Starring: Mark Ruffalo, Laura Dern, Peter Krause, Naomi Watts
Script: Andre Dubus, Larry Gross
Running Time: 1:41
Country: USA
Year: 2004
A long-delayed adaptation of a couple of short stories by Andre Dubus, We Don't Live Here Anymore plunges the audience into the heart of an emotional spiral that links two couples. Jack (Mark Ruffalo—In The Cut) & Terry (Laura Dern—Wild at Heart), a somewhat Bohemian-like couple, are friends with upper-class Hank (Peter Krause—Six Feet Under) and Edith (Naomi Watts—Mulholland Drive.) When the film opens, the four of them are enjoying a night of drunken fun, but as soon as their paths diverge—Jack & Edith head to the liquor store to buy some beer while Hank & Terry stay home—it becomes clear that there is more than the tie of friendship between them.

What happens here is the direct consequence of the chaotic relationship of each couple. While Jack is somewhat tired of his wife's lack of focus, Edith has become estranged to her womanizer of a husband. When the two extramarital entities meet, they are not looking for love but rather for a shelter of brief happiness, away from their cold and boring lives. As the film unfolds, we follow each character's emotional drift until the consequences of their actions ultimately catch up with them.

With its closed setting—the film evolves mostly around these 4 characters—, We Don't Live Here Anymore could just as well have been a play as the medium used—film—isn't fully exploited. This is what is usually called an actor's movie and the talented cast certainly keeps this picture alive from the beginning to the end—much will be said about Ruffalo's performance but Krause's charming underplayed approach and Dern's colorful style are as vibrant; only Watts seems underused here in the skin of a character that's too monochromatic for her own talent.

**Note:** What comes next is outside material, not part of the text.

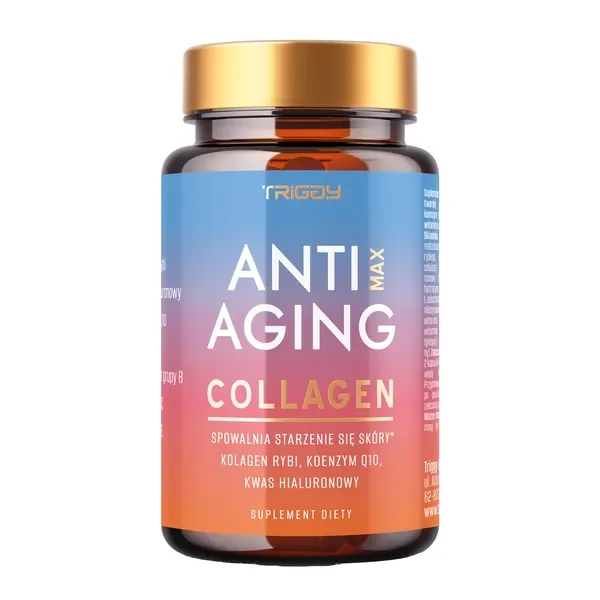 Kolagen rybi + Koenzym Q10 + Kwas hialuronowy 60 kapsułek [Triggy] - Triggy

While the actors certainly know how to grip the spectator at the emotional level, the story, far from being innovative, advances on a predictable but safe line, until one pivotal but fatal moment. As Terry has summoned Jack to leave the house, the latter, alone with his kids above a river, seems for a couple of minutes to be ready to snap and the film suggests indirectly that the idea of pushing his kids into the river and killing himself might have crossed his mind. At the premiere at the Los Angeles Film Festival, the question about this ambiguous scene came up and Ruffalo hinted that it might have indeed been an option for his character. The issue here is that Jack is too much of a nice and flawed character to really have that level of darkness deep inside him. As a result, this scripted ploy looks like an attempt at a cheap thrill that has no place here, in total contrast with the overall intimate tone of the picture.

But it's when the conclusion comes that we are suddenly confronted with the purpose of such a film, or rather its lack thereof. The honest but slightly dysfunctional middle-class couple gets back together while the rich one breaks apart, the cynical unfaithful womanizer finally gets his due when Edith leaves him. Did we really need another picture to know that infidelity is bad and can have bad consequences on the life of a couple? The answer is obviously no but this is the way the script wraps it up and it leaves most of us skeptical about this uninspired climax. When Hank asks Edith why she's leaving him now, she just answers "because I can", a line that is supposed to resonate with a deep echo in the mind of the audience, but instead sounds like a screenwriting void. "We don't live here anymore" says the title; indeed.